▼
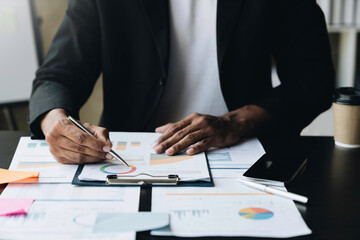 Young Asian businessman discussing graphs with hands and analyzing data. clarify pie chart details and Graph showing the average in business finance and accounting concept.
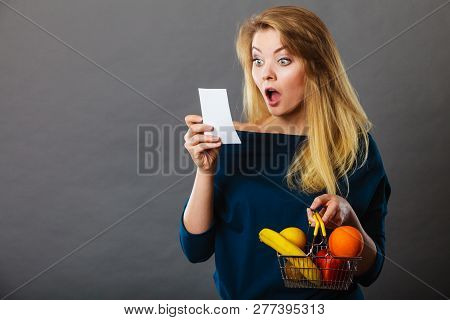 Shocked Woman Holding Shopping Basket With Fruits Looking At Bill Receipt Being Scared Of Huge Price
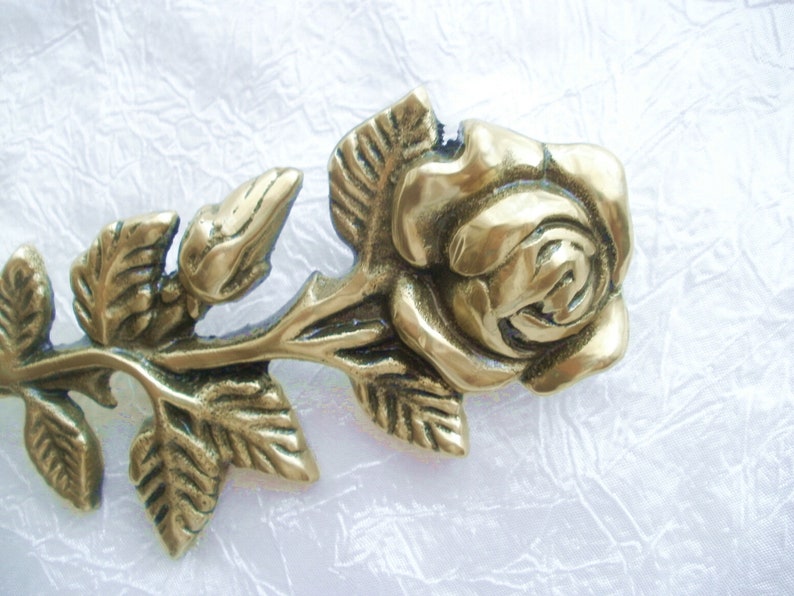 Puede incluir: Una rosa de metal dorado con hojas, elaborada en un estilo realista. La rosa es una pieza decorativa con un dise&ntilde;o detallado.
▲
# Aim of the exercise
Set down all the material exactly once more. No pictures.

# Solution below
 Young Asian businessman discussing graphs with hands and analyzing data. clarify pie chart details and Graph showing the average in business finance and accounting concept.
 Shocked Woman Holding Shopping Basket With Fruits Looking At Bill Receipt Being Scared Of Huge Price
 Puede incluir: Una rosa de metal dorado con hojas, elaborada en un estilo realista. La rosa es una pieza decorativa con un dise&ntilde;o detallado.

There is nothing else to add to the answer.